Varying growth hormone levels in chondrocytes increases proliferation rate and collagen production by a direct pathway

(1) American Heritage School, Plantation, FL

The purpose of this project was to test whether growth hormone directly or indirectly affected the rate at which cartilage renewed itself. Growth hormone could exert a direct effect on cartilage or chondrocytes by modifying the expression of different genes, such as c-myc proto-oncogene, which in return increases the proliferation rate of the cells. In contrast, an indirect effect comes from growth hormone stimulating insulin-like growth factor. The results from this research supported the hypothesis that growth hormone not only increases proliferation rate but does so using the direct pathway.
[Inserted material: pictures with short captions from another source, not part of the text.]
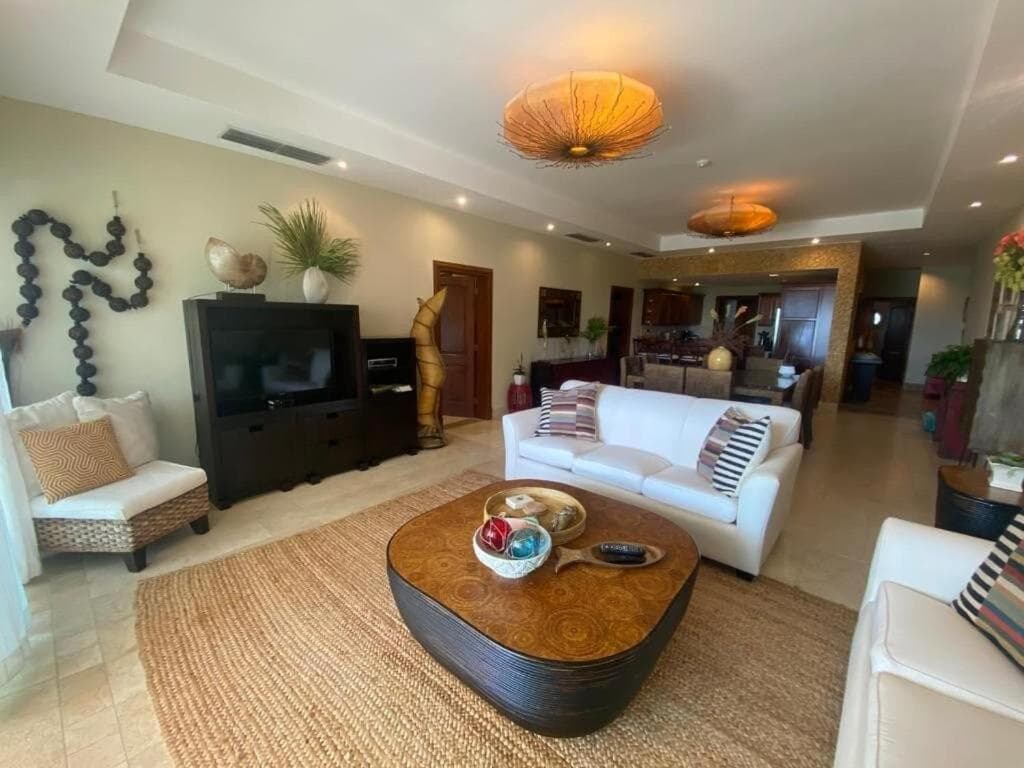 Exclusivos apartamentos con vista a la playa en Aquamarina, Cap Cana — 29
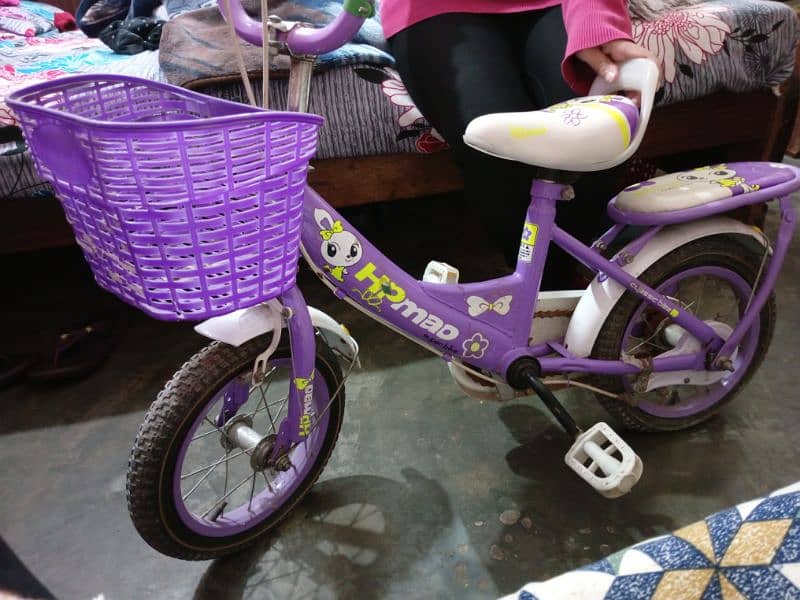 Kids Cute Bicycle 2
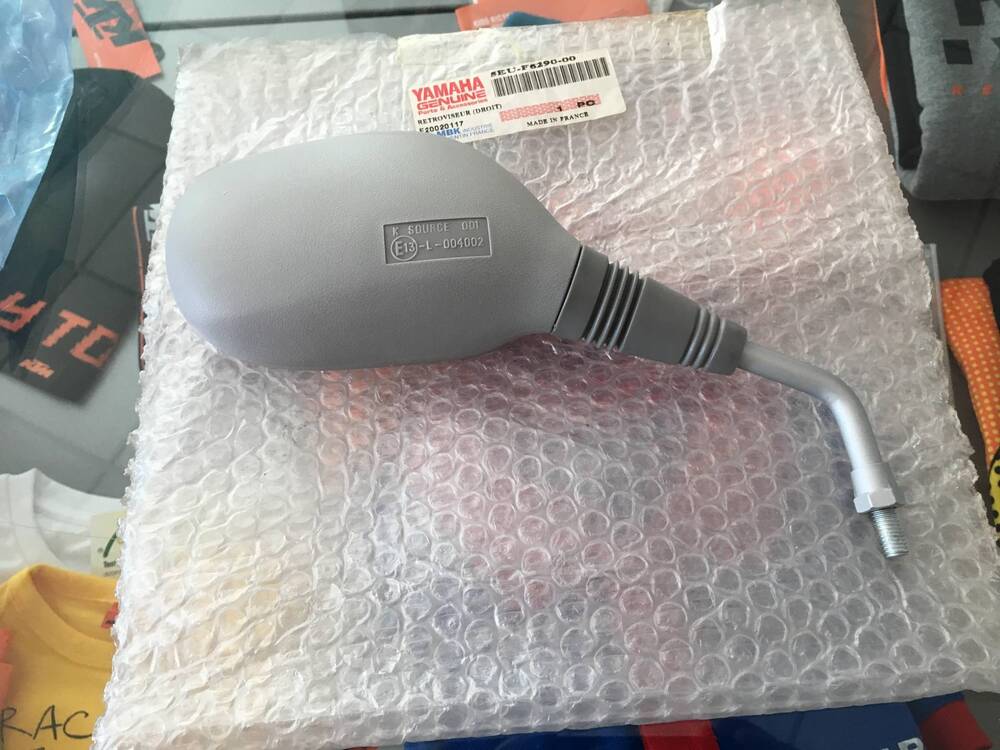 Specchietto Destro Per Yamaha Why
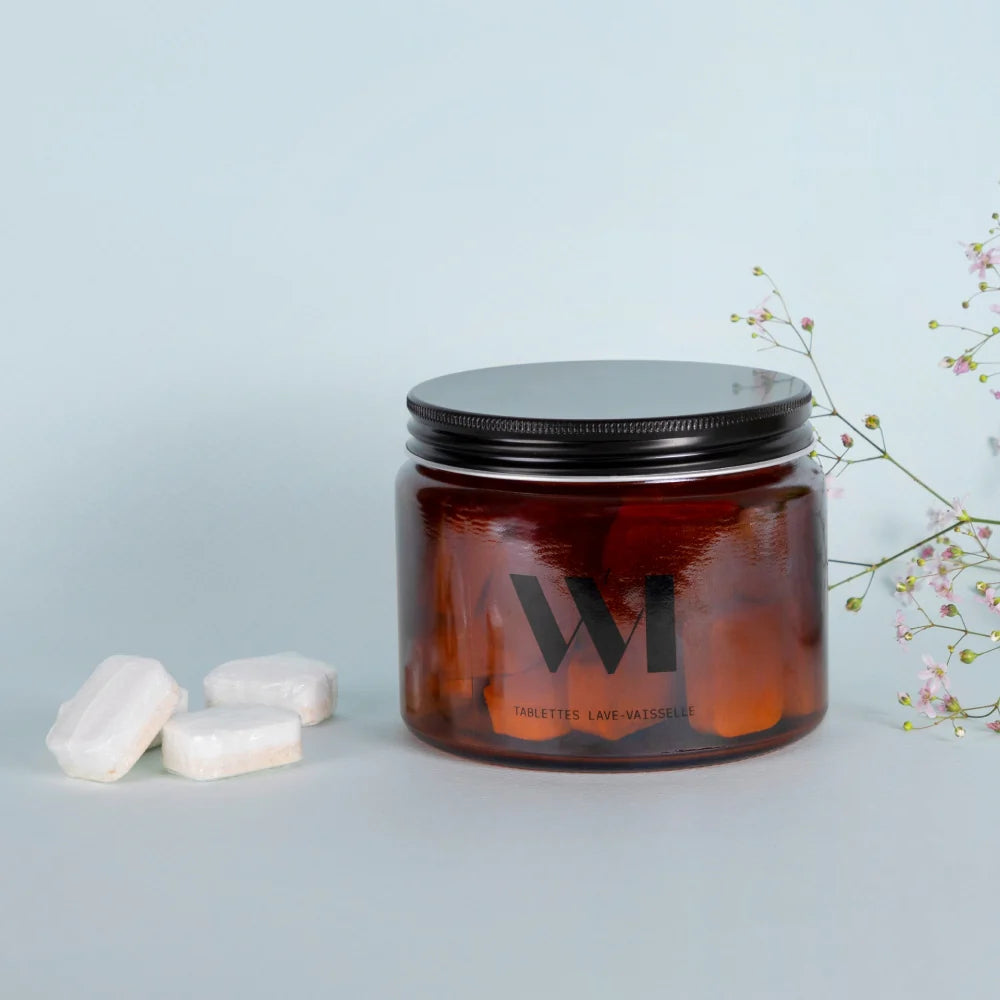 Pastilles lave vaisselle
Out of the different levels of growth hormone that were tested, it was found that 0.300 μg/ml had the greatest effect since those samples had the highest collagen concentrations and reached confluency in T75 cell culture flasks in the least amount of time. This research can be used in the medical sciences for people who suffer from joint damage and other cartilage-related diseases, since the results demonstrated conditions that lead to increased proliferation of chondrocytes. These combined results could be applied in a clinical setting with the goal of allowing patient cartilage to renew
itself at a faster pace, therefore keeping those patients out of pain from these chondrocyte-related diseases.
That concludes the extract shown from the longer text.